The rationale behind this notation is the following: a quantity is the product of a numerical value and a unit, so that the ratio of a quantity (e.g. time) and the corresponding unit (e.g second) is a numerical value (a pure number), which can be used to label axes, tables, etc.

In any case, don't use brackets around the unit, like in "t [s]". The reason is that in quantity calculus brackets represent an operator which means "unit of" (not "dimension of") and should only be used around quantities, not around units. So, for instance, you can write:

[t] = s

but not [s]. For completeness, I also mention that braces are also used to denote the numerical value of a quantity. So, in L = 5 m, we have [L] = m and {L} = 5.

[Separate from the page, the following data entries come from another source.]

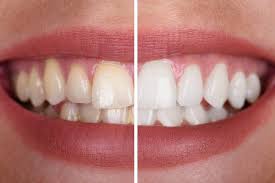 dentist doctor in Patel Nagar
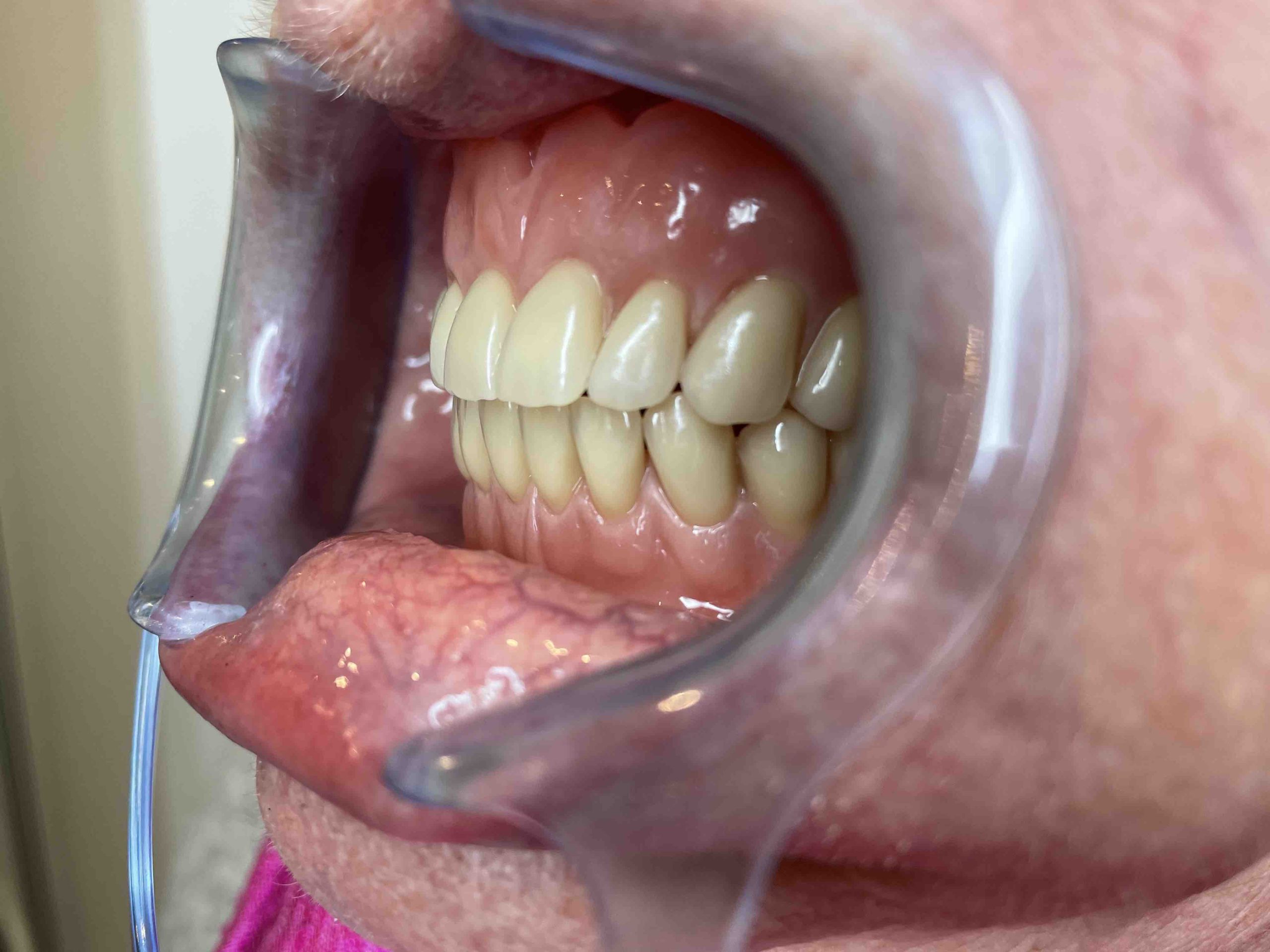ny tandprotese venstre side åben mund Resultater af færdigeproduceret tandproteser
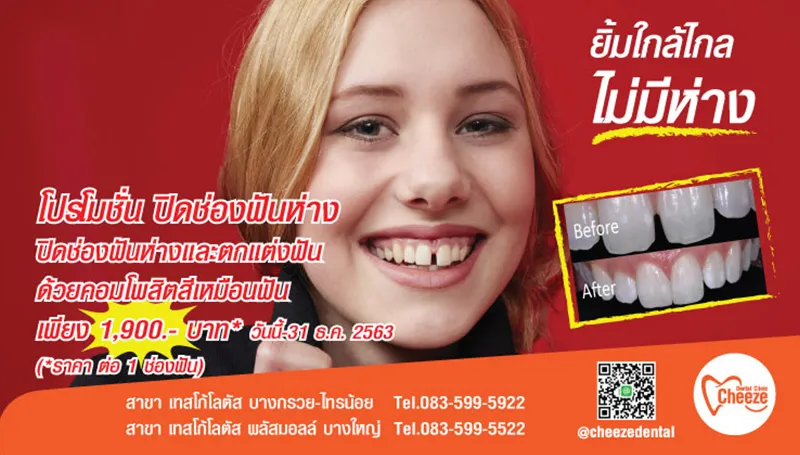TV-Slide-Pro-ปิดช่องฟันห่าง-10-63-1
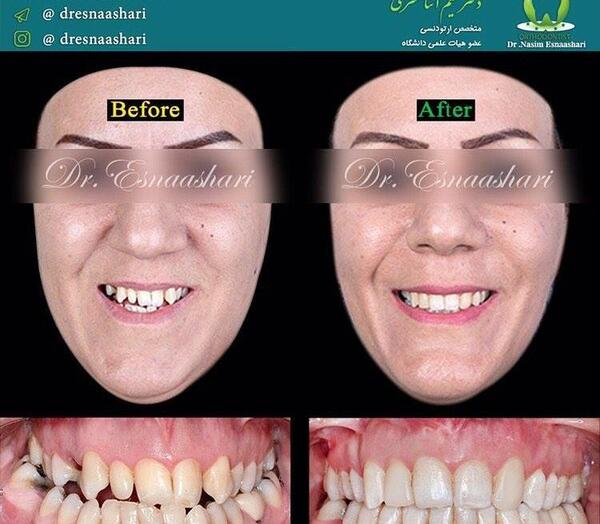 عکس های قبل و بعد ارتودنسی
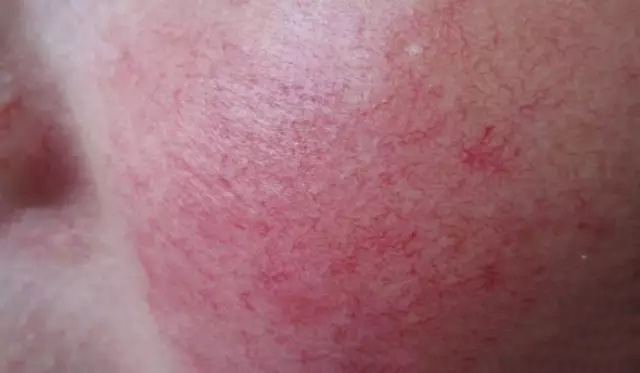 酒渣鼻怎么改善学生党,酒渣鼻严重怎么彻底治疗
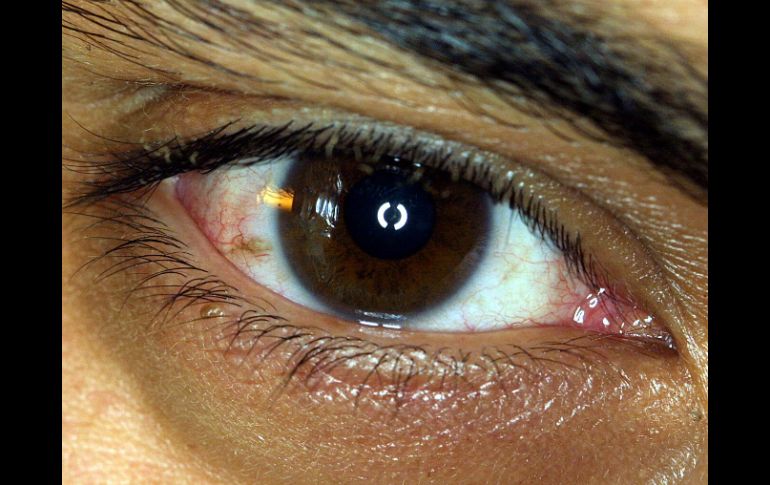 Este avance permitirá a médicos a miles de kilómetros ayudar a pacientes que sufren afecciones a la vista. ARCHIVO /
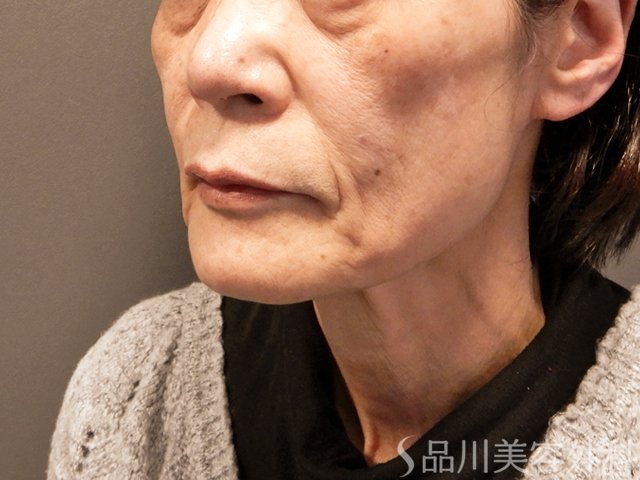 症例NO.67883のBEFORE写真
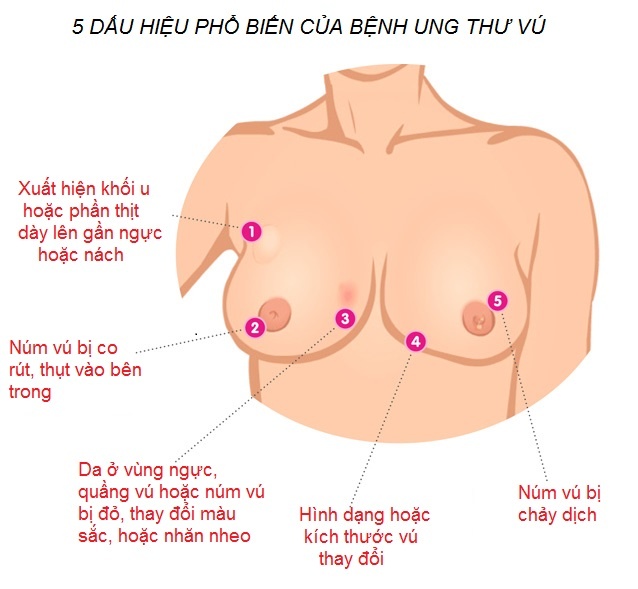 tự khám ung thư vú ảnh 1 tu kham ung thu vu anh 1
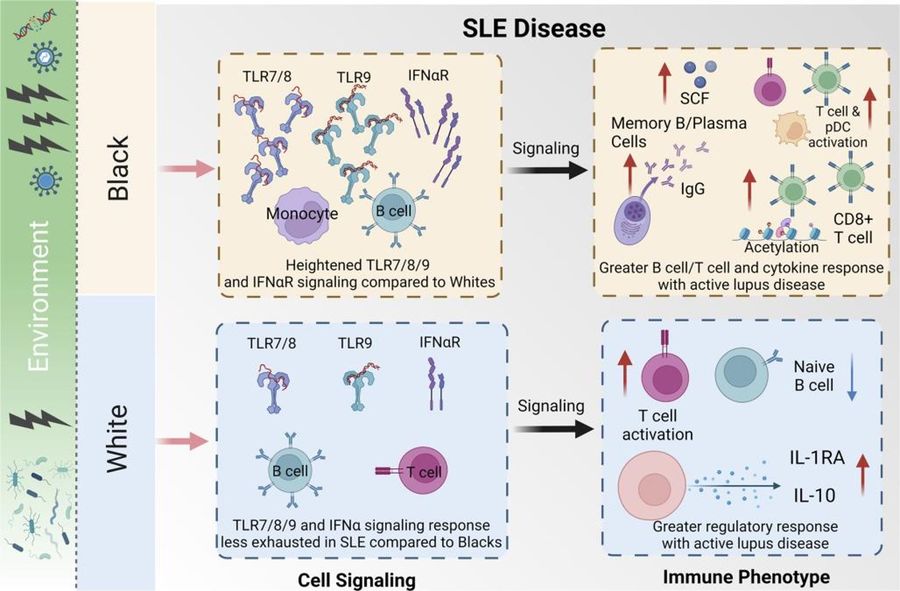 Fig.1 SLE disease. (OA Literature)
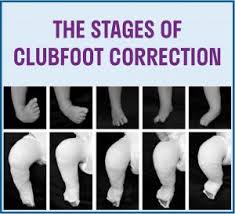 Treatment for club foot usually starts within 1 to 2 weeks of your baby being born. Treatment Strategies Paley Orthopedic Spine Institute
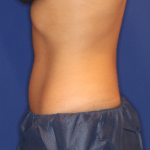 Emsculpt NEO Before & After Patient #15382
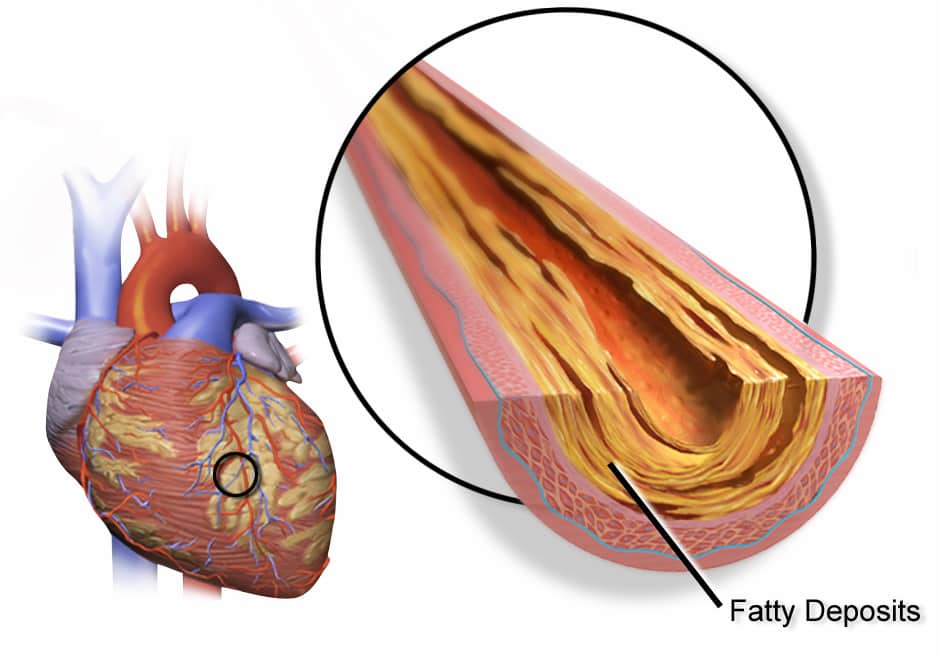 colesterol y ateroma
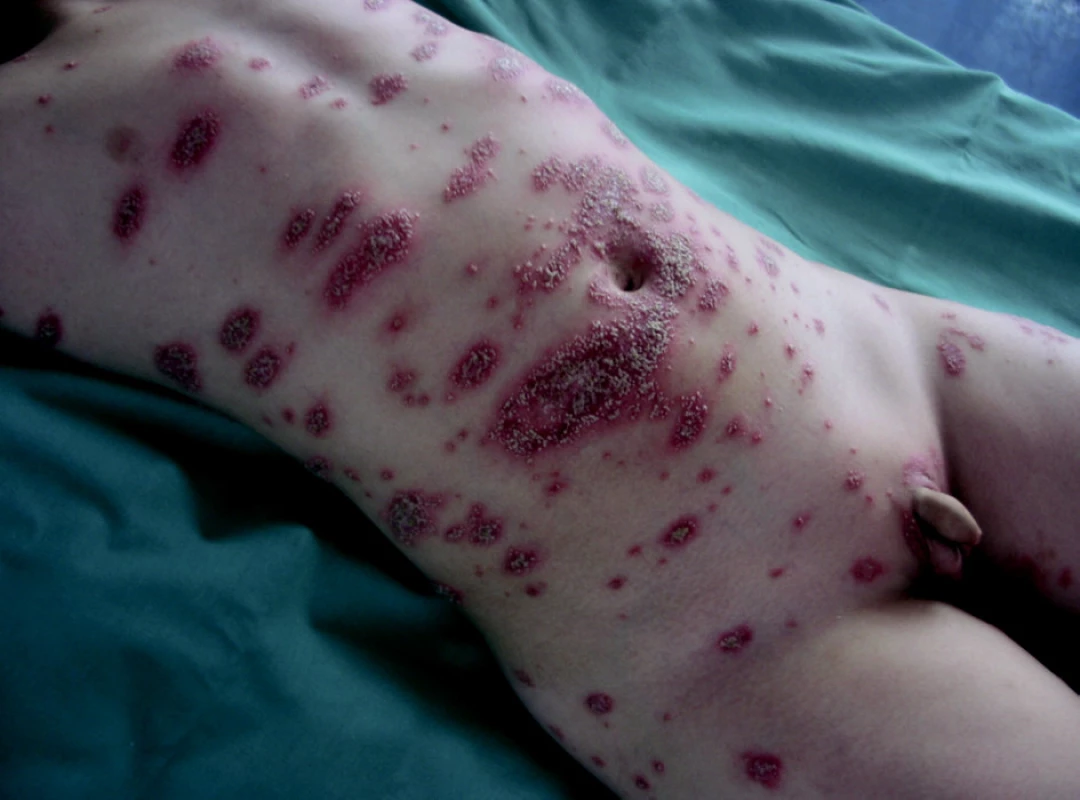 Pustulózní psoriáza.
Fig. 4. Pustulous psoriasis.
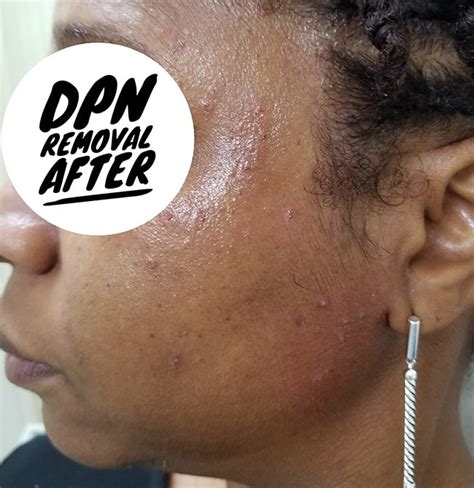 Before And After Dpn Removal Aglow Dermatology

Edit: For those interested in learning more about quantities, units and quantity calculus, here is a list of references with a few notes:

  1. J C Maxwell, "A treatise on electricity and magnetism", vol. I, Oxford: Clarendon Press, 1873. Online. Note: Here Maxwell introduces the concept of quantity and the bracket notation.
  2. International Vocabulary of Metrology - Basic and general concepts and associated terms VIM, 3rd edition, JCGM 200:2008. Online. Note: This is the official dictionary of metrological terms where it is possible to find definition for terms like quantity, system of quantities, system of units, etc. On p. 29 there is note which explains the bracket/braces notation.
  3. I M Mills, "The language of science", Metrologia 34, pp. 101-109, 1997.
  4. B W Petley, The fundamental physical constants and the frontier of measurement, Adam Hilger, Bristol, 1988.
  5. I M Mills, "Physical quantities and units" in Recent advances in metrology and fundamental constants, Proceedings of the International School of Physics E. Fermi, Varenna, 2000. Online.
  6. J de Boer, "On the history of quantity calculus and the International System", Metrologia 31, pp. 405-429, 1995.
  7. M J ten Hoor, "Quantity calculus for chemists", Chemistry in action n. 57, 1999. Online
  8. M L McGlashan, "Physicochemical quantities and units: The grammar and spelling of physical chemistry", Royal Institute of Chemistry, London, 1971.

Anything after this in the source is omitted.